Explore how William Blake presents the life of the city in 'London' and make connections with one or two poems from your collection.


William Blake presents the life of the city in ‘London’ and ‘The Chimney sweeper’ (Experience) in various ways. Blake lived in the city of London, so he understood the suffering that happened there, for everybody shown in ‘London’, and for Chimney-sweeper, shown on ‘The chimney-sweeper’ (Experience). They differ in their structure and rhyme scheme, but are similar in lots of ways, for instance they are both from the Book of Experience, published in 1794 by Blake himself, who engraved and drew art for each of his work as well, but was not well received during his life-time.


London is about the narrator, Blake walking down the streets of London and seeing everyone suffering and living in poverty. He blames this on the government and Church, as Blake didn’t like organised religion; he had a more personal relationship with God, and he believed that the church was not helping the poor. The chimney Sweeper (Ex) is about a young child who has been abandoned by his parents, who have prioritised the church over their child, again emphasising Blake’s view that the life of the city has been overcome and turned evil by the church. London consists of 4 stanzas with 4 lines each, and these lines are varied in length, emphasising the variety of life in the city. It is a narrative structure, so it is therefore a form of a ballad, a style of poem that was popular in Blake’s time. The poem also uses enjambment, like ‘I hear how the chimney-sweeper’s cry’, and along with the lack of punctuation (there is only 4 commas and 1 full stop), this makes the poem have a fair-paced feel, with no chance to pause, stop for break and reflect, symbolising the city’s never ending suffering. The Chimney sweeper, however, has 3 stanzas and 4 line, which are short showing how the child has no opportunity to think for himself; he is instead overcome by church forcing him to be one of the homeless people in the city.


London consists entirely of declaratives, like “I wander through’ each chartered street’, so that the reader can’t think of their own interpretation of the city; Blake is expressing what he sees in the city as fact and the only truth of London. The Chimney sweeper also consists mainly of declaratives, but there is also the interrogative ‘where are thy mother and father? Say?’ to create the voice of a child who questions the truth of London and is optimistic, however the declarative ‘they have both gone up to the church to pray’ shows that he has accepted his fate.

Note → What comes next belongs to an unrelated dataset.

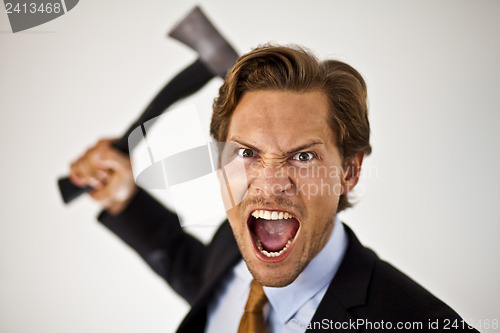 Image of Businessman Wielding Axe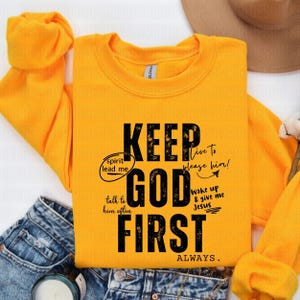 May include: A yellow sweatshirt with the text "KEEP GOD FIRST ALWAYS." in black. The text is in a distressed font and includes additional text in smaller font around the main text, such as "spirit lead me", "talk to him often", "live to please him!" and "wake up & give me Jesus".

London has an angry, bitter, devastated tone created by the various dynamic verbs, like ‘hear’, ‘cry’, ‘sigh’, ‘curse’ using the readers sense to create a physical image


of how real the people of London’s suffering is due to poverty. The lexical field of London, like ‘Thames’ and ‘Palace’ uses deictic references to uses famous parts of London that most people are aware of and showing the bad things about it, destroying the reader’s positive view of the city by showing it’s true nature; everyone is forced to do physical labour and the streets are full of the sounds of pain and exhaustion. The noun phrase ‘youthful harlots’ create a more specific picture for the reader by shocking them by juxtaposing the lively adjective ‘youthful’ with the taboo lexis ‘harlots’, suggesting that the city is morally wrong and dirty. The chimney sweeper also has a lost, broken, lonely tone, however there are some notes of optimism due to the child’s trust in God, shown by the contrast of negative abstract nouns like ‘woe’ and ‘misery’ with positive abstract nouns like ‘heaven’ and ‘God’, however due to Blake’s disagreement with organised religion through his suggestion through in the Innocence version of The Chimney sweeper that all the children in London have hope in God contrasted with their torture and pain being forced to clean chimneys, this is likely to be ironic and be or instead saying that the church has created the pain of the children in the city. The Chimney sweeper (Ex) also uses the lexical field of London, including ‘Thames water’, and the lexical field of parenting, like ‘clothed’ and ‘taught’ to guilt the reader by creating the image that this is their children who are suffering.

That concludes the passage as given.